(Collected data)
• • • •
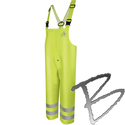 Image Bulwark FR Hi-Visibility Flame-Resistant Rain Bib Overall, 10oz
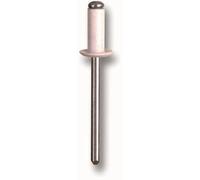 Bralo - Remache alum. stand. 4.0x10 blanco c/500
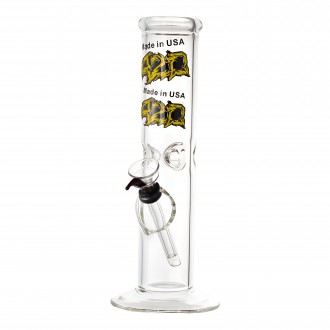 10" Glass on Rubber "420" Decal Art Straight Water Pipes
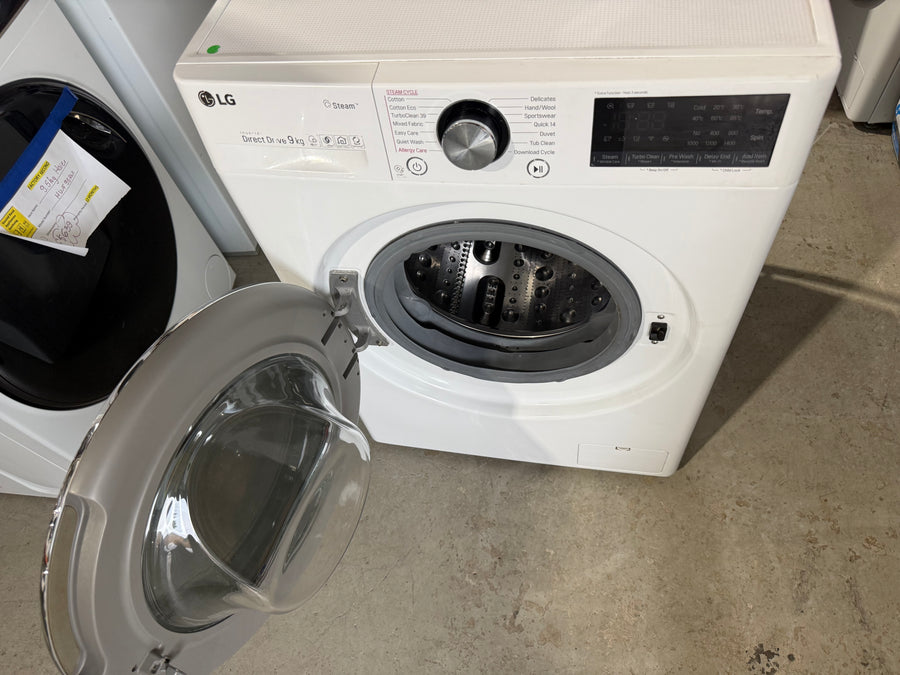 Second hand LG 9 kg Series 5 Front Load Washing Machine – WV5-1409W - Second Hand Appliances Geebung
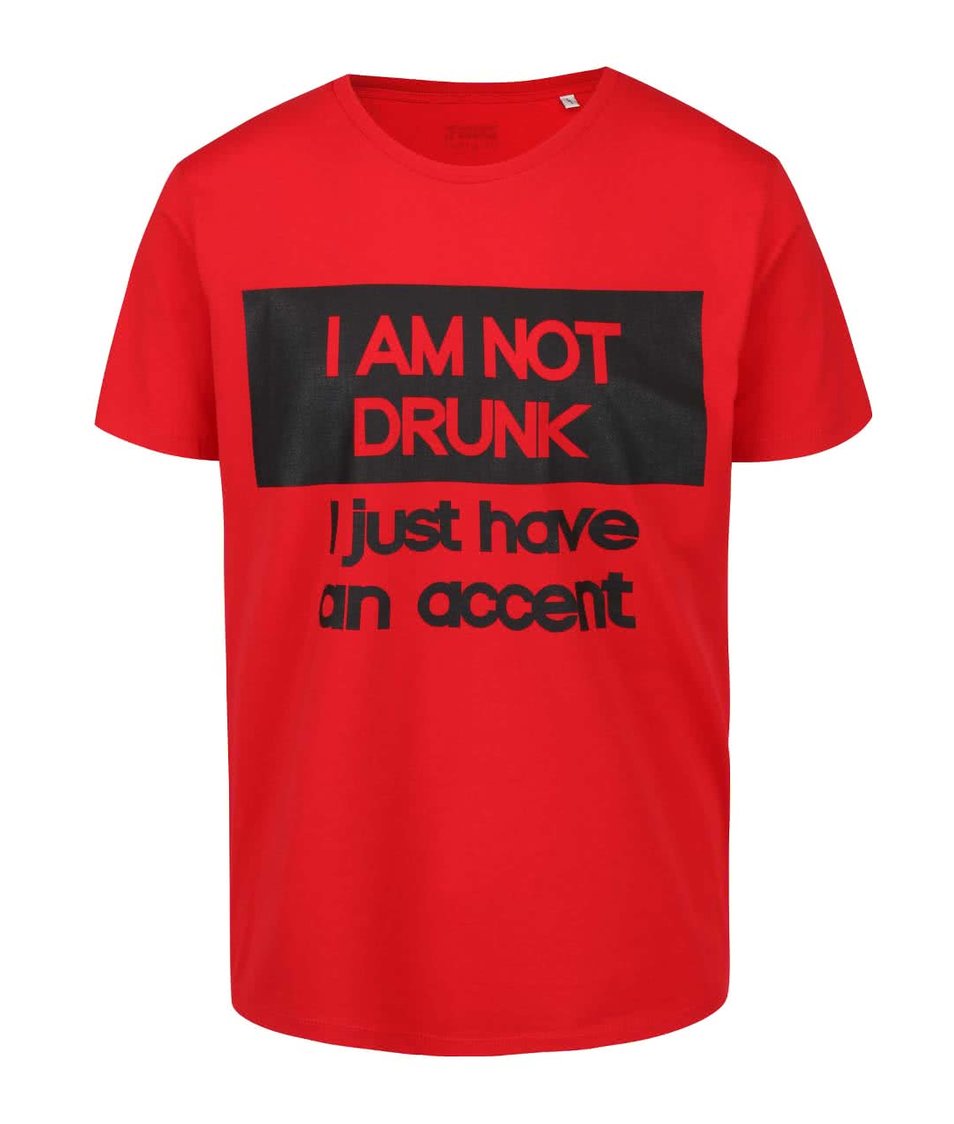 Červené pánské triko ZOOT Originál Drunk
• • • •
## [WHAT THE EXERCISE ASKS]
Output all of the entries once more, word for word, with the images removed.

## [EXERCISE ANSWER]
 Image Bulwark FR Hi-Visibility Flame-Resistant Rain Bib Overall, 10oz
 Bralo - Remache alum. stand. 4.0x10 blanco c/500
 10" Glass on Rubber "420" Decal Art Straight Water Pipes
 Second hand LG 9 kg Series 5 Front Load Washing Machine – WV5-1409W - Second Hand Appliances Geebung
 Červené pánské triko ZOOT Originál Drunk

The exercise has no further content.